**** AVAILABLE RECORDS
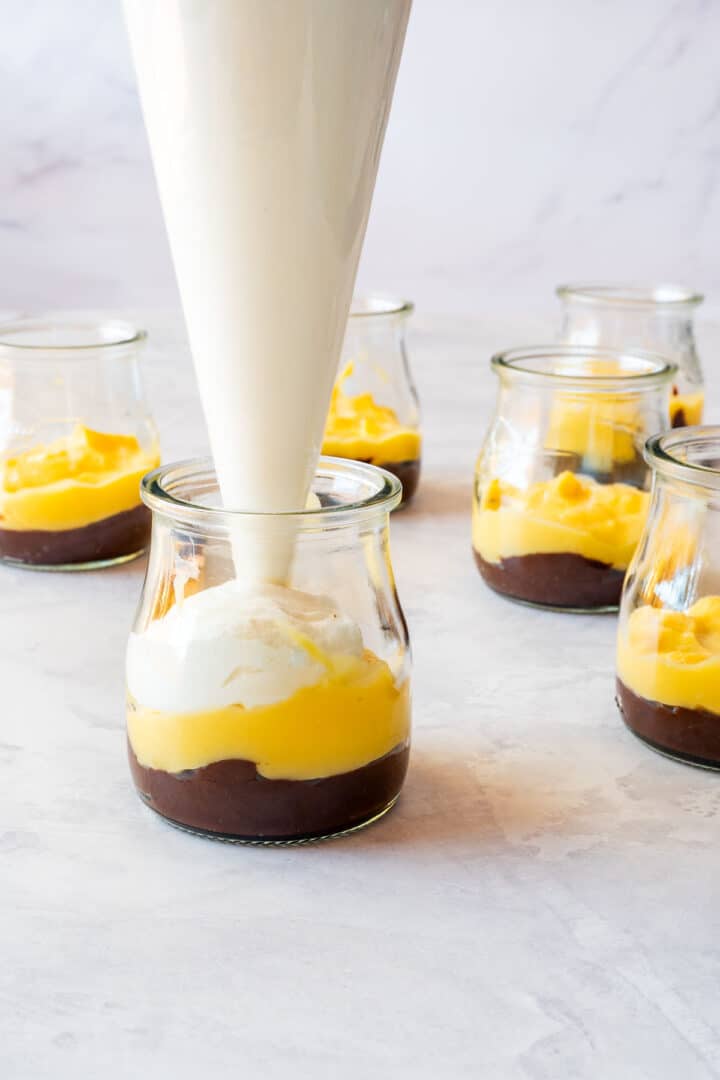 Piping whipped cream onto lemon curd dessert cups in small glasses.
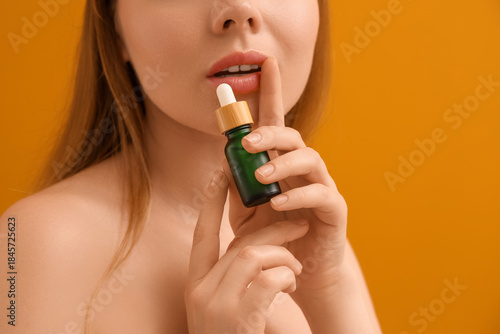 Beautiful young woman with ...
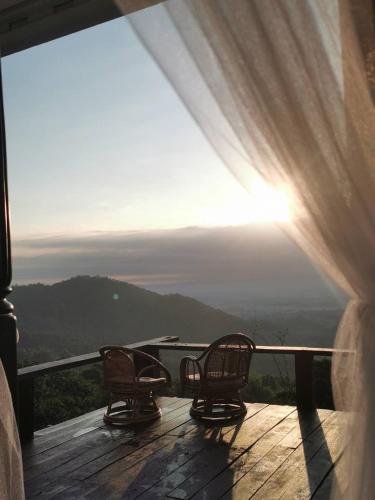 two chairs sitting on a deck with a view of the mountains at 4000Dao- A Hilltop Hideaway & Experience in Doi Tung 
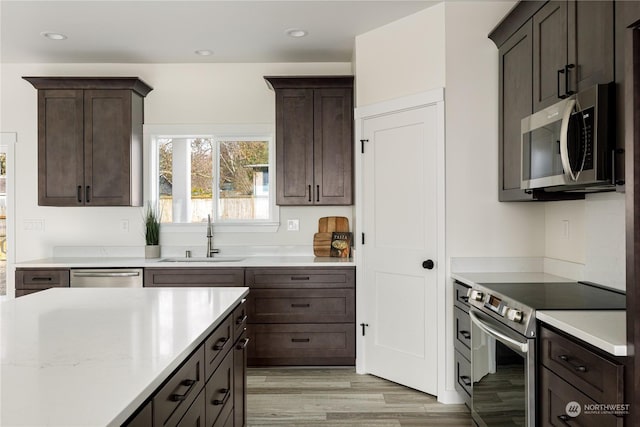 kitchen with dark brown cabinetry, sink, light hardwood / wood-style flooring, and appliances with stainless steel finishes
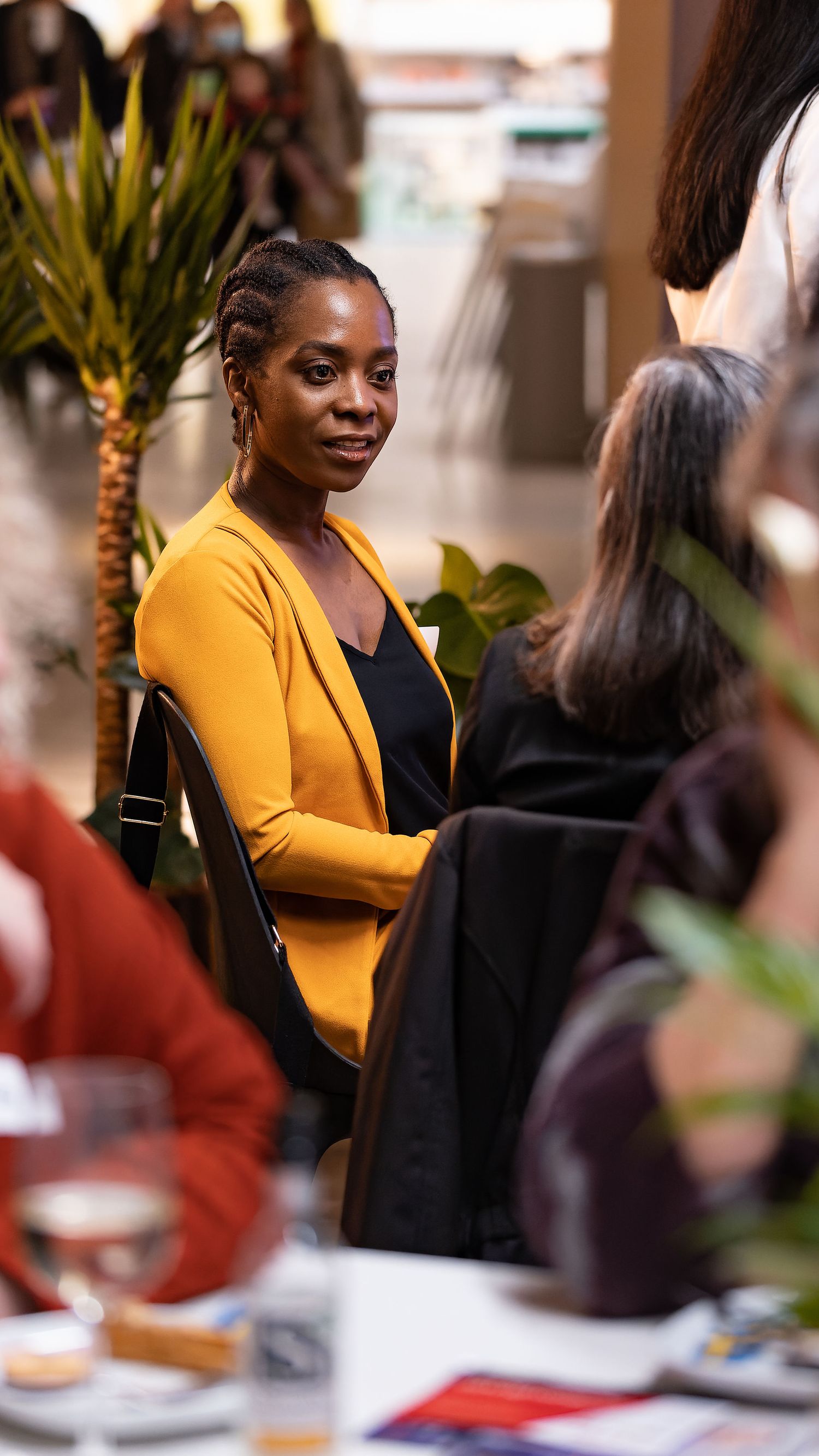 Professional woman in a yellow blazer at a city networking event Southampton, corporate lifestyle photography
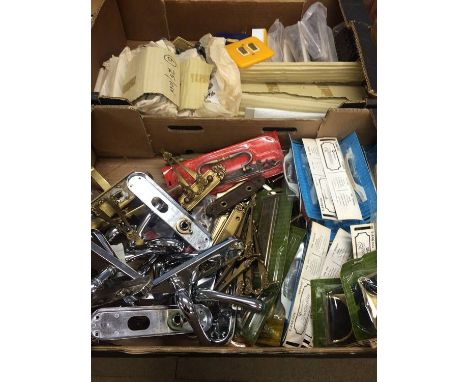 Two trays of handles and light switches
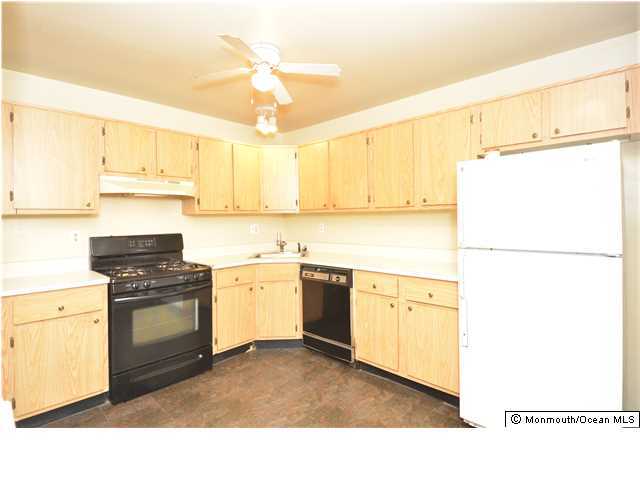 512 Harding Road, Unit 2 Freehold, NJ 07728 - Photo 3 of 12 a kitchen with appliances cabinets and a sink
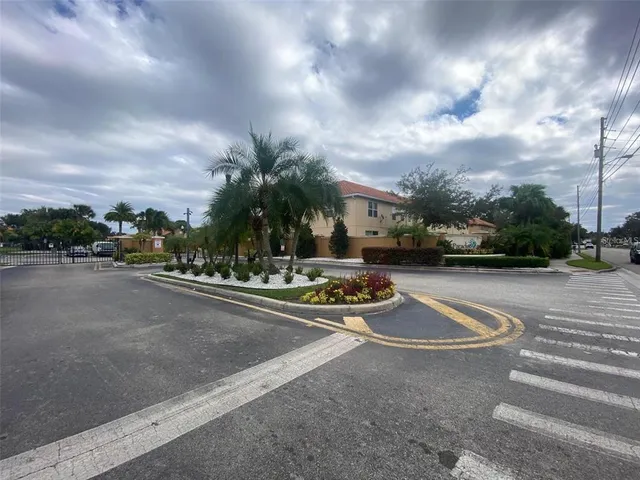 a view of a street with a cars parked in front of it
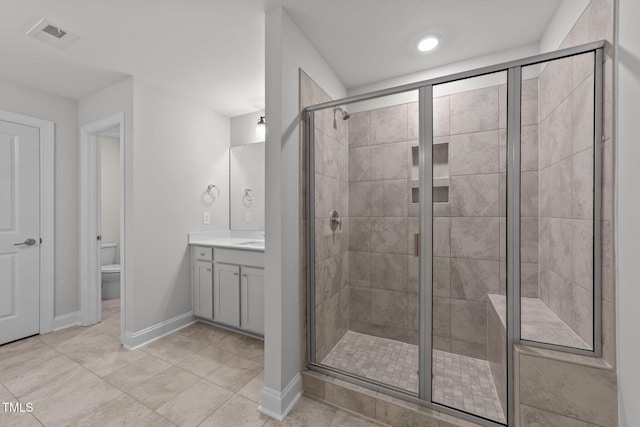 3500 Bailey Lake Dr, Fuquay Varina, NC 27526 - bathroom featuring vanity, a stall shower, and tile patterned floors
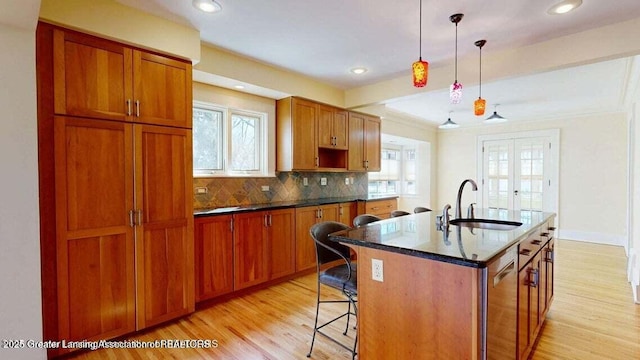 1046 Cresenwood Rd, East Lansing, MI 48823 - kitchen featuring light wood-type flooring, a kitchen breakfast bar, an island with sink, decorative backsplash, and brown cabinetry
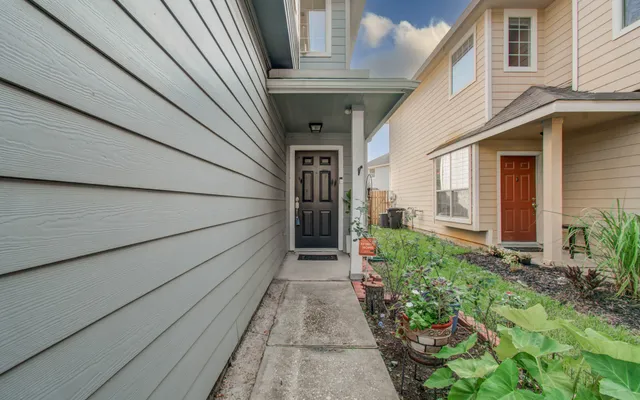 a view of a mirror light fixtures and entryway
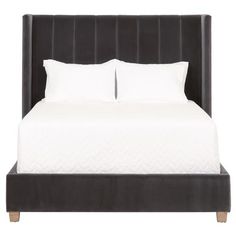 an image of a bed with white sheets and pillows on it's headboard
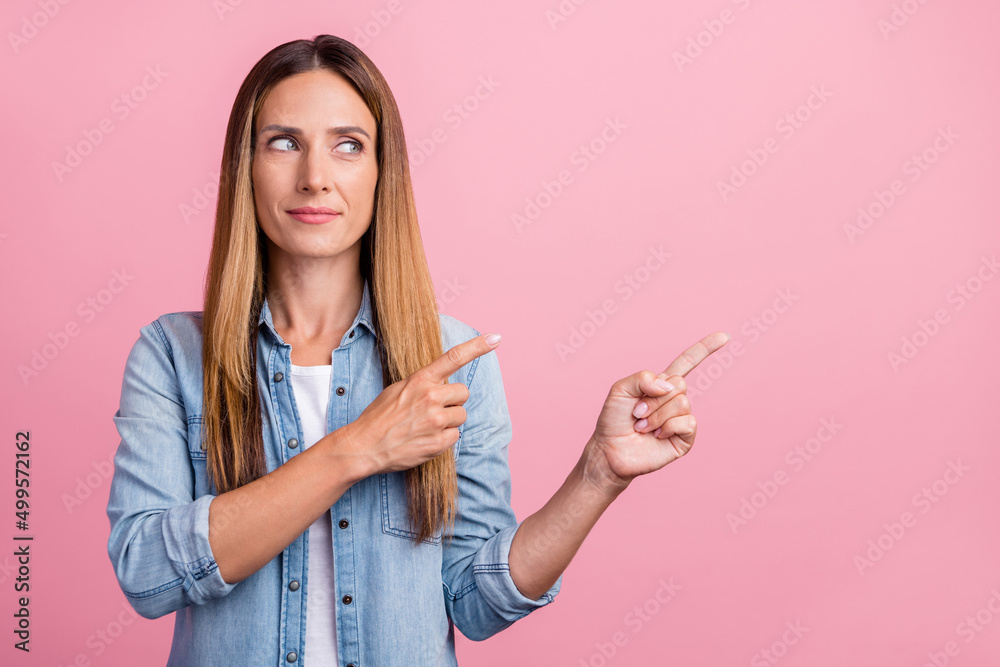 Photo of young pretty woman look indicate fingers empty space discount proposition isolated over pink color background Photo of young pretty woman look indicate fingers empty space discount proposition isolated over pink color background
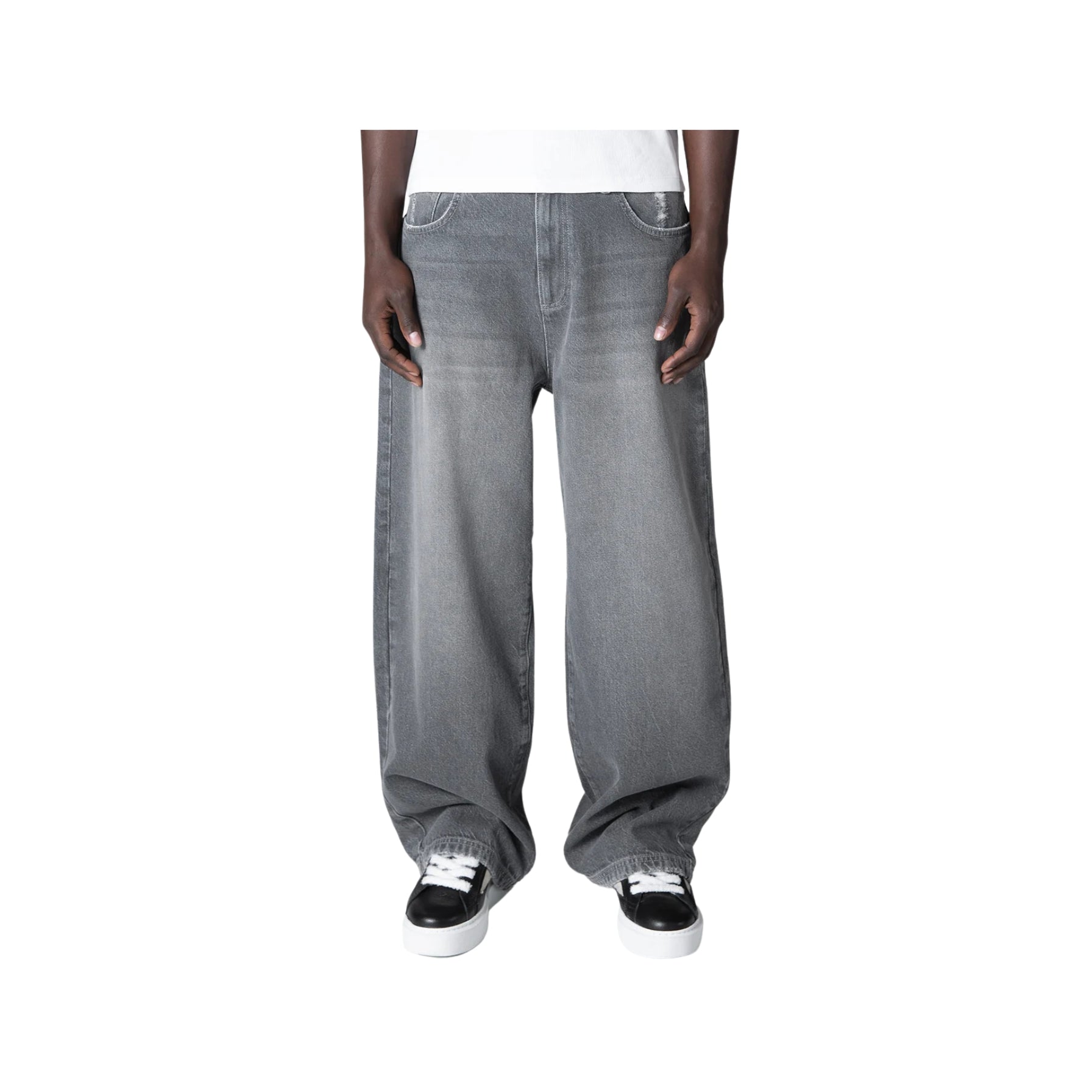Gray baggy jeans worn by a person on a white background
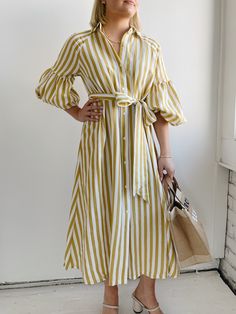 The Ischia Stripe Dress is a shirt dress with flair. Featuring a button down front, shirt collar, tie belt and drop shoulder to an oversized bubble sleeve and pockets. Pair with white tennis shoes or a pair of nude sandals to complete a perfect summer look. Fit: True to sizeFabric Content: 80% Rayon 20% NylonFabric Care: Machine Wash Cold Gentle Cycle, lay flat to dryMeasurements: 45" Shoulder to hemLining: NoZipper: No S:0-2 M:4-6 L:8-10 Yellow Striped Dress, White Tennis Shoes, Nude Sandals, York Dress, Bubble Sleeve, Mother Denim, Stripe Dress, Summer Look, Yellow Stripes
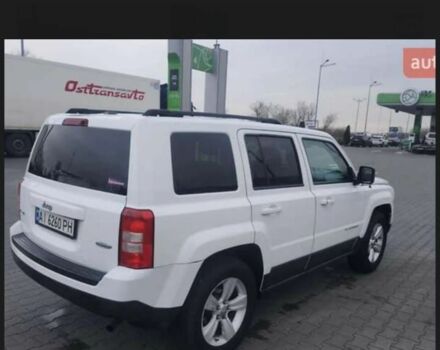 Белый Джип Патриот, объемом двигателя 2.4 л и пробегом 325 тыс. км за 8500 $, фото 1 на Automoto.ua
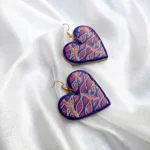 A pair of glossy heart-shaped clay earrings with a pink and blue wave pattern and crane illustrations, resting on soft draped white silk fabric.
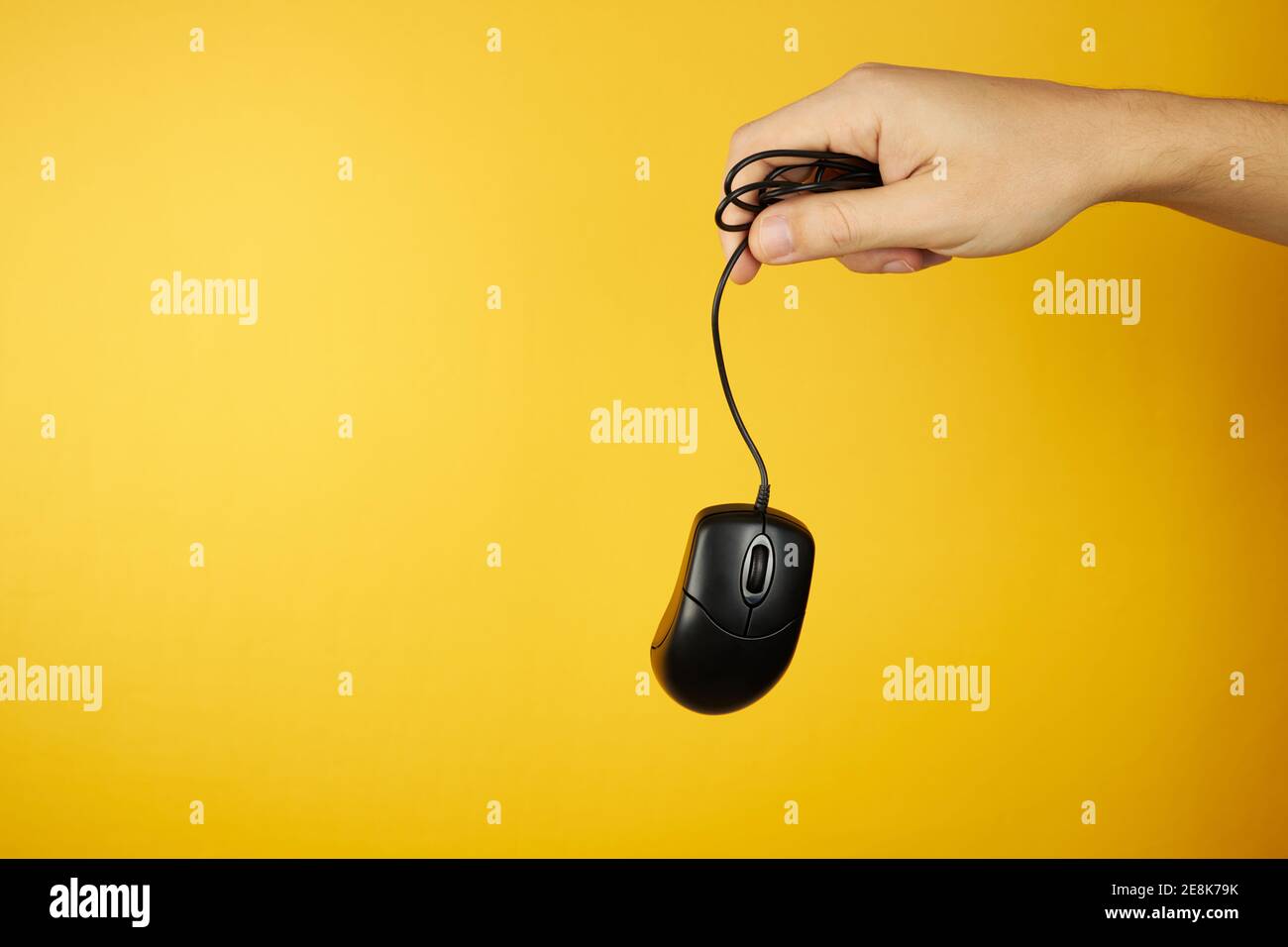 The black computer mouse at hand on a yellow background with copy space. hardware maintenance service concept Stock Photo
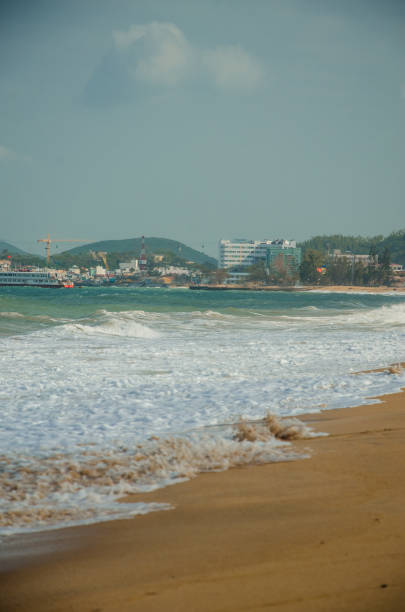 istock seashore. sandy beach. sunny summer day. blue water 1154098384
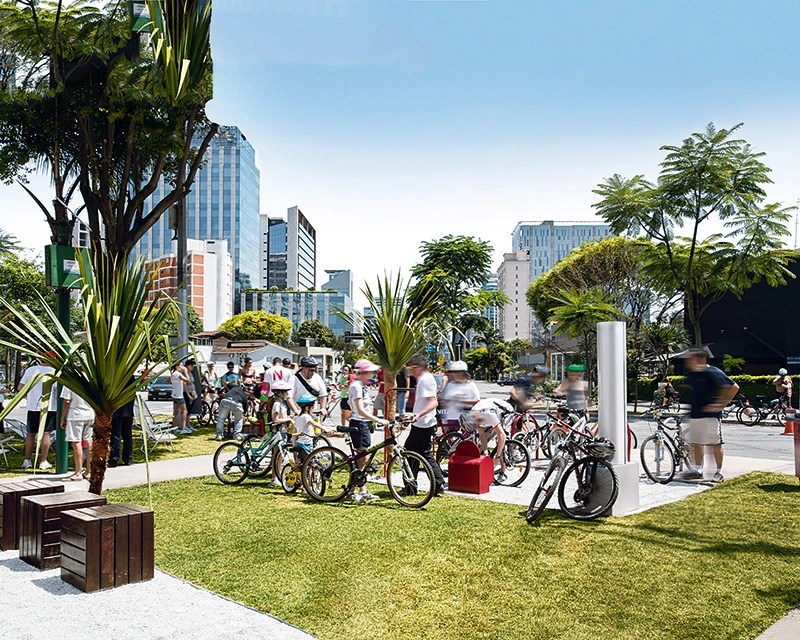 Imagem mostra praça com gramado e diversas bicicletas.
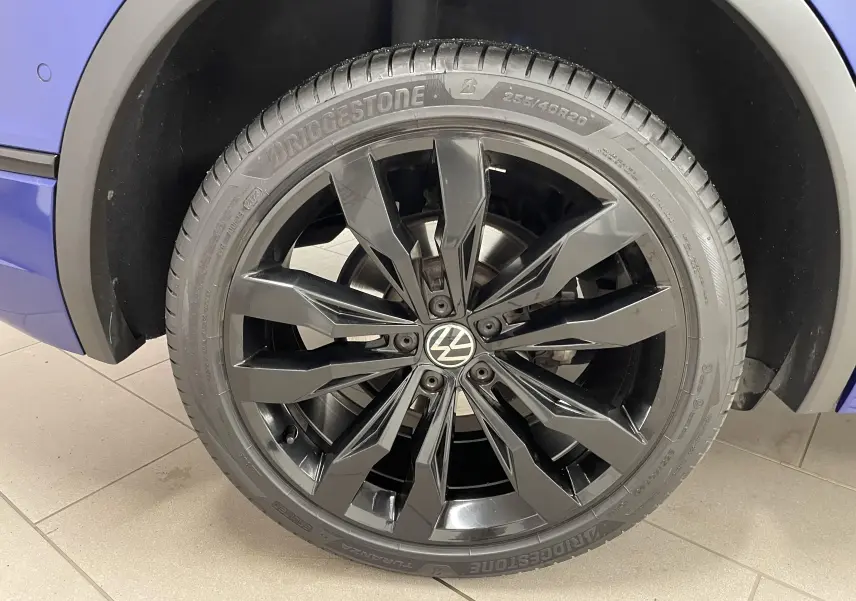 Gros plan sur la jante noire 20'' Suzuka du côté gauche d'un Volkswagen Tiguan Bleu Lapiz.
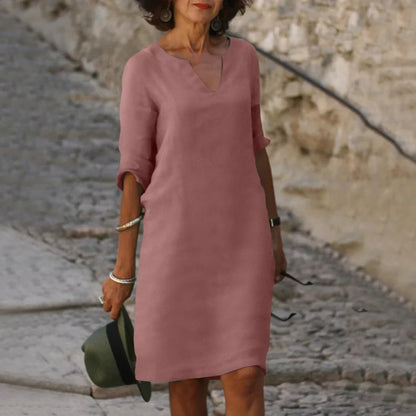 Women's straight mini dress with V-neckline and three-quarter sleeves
********
[WORK TO BE COMPLETED] Transcribe every entry above exactly as it stands, but skip the images.

[ANSWER TO THIS TASK]
 Piping whipped cream onto lemon curd dessert cups in small glasses.
 Beautiful young woman with ...
 two chairs sitting on a deck with a view of the mountains at 4000Dao- A Hilltop Hideaway & Experience in Doi Tung 
 kitchen with dark brown cabinetry, sink, light hardwood / wood-style flooring, and appliances with stainless steel finishes
 Professional woman in a yellow blazer at a city networking event Southampton, corporate lifestyle photography
 Two trays of handles and light switches
 512 Harding Road, Unit 2 Freehold, NJ 07728 - Photo 3 of 12 a kitchen with appliances cabinets and a sink
 a view of a street with a cars parked in front of it
 3500 Bailey Lake Dr, Fuquay Varina, NC 27526 - bathroom featuring vanity, a stall shower, and tile patterned floors
 1046 Cresenwood Rd, East Lansing, MI 48823 - kitchen featuring light wood-type flooring, a kitchen breakfast bar, an island with sink, decorative backsplash, and brown cabinetry
 a view of a mirror light fixtures and entryway
 an image of a bed with white sheets and pillows on it's headboard
 Photo of young pretty woman look indicate fingers empty space discount proposition isolated over pink color background Photo of young pretty woman look indicate fingers empty space discount proposition isolated over pink color background
Gray baggy jeans worn by a person on a white background
 The Ischia Stripe Dress is a shirt dress with flair. Featuring a button down front, shirt collar, tie belt and drop shoulder to an oversized bubble sleeve and pockets. Pair with white tennis shoes or a pair of nude sandals to complete a perfect summer look. Fit: True to sizeFabric Content: 80% Rayon 20% NylonFabric Care: Machine Wash Cold Gentle Cycle, lay flat to dryMeasurements: 45" Shoulder to hemLining: NoZipper: No S:0-2 M:4-6 L:8-10 Yellow Striped Dress, White Tennis Shoes, Nude Sandals, York Dress, Bubble Sleeve, Mother Denim, Stripe Dress, Summer Look, Yellow Stripes
 Белый Джип Патриот, объемом двигателя 2.4 л и пробегом 325 тыс. км за 8500 $, фото 1 на Automoto.ua
 A pair of glossy heart-shaped clay earrings with a pink and blue wave pattern and crane illustrations, resting on soft draped white silk fabric.
 The black computer mouse at hand on a yellow background with copy space. hardware maintenance service concept Stock Photo
 istock seashore. sandy beach. sunny summer day. blue water 1154098384
 Imagem mostra praça com gramado e diversas bicicletas.
 Gros plan sur la jante noire 20'' Suzuka du côté gauche d'un Volkswagen Tiguan Bleu Lapiz.
 Women's straight mini dress with V-neckline and three-quarter sleeves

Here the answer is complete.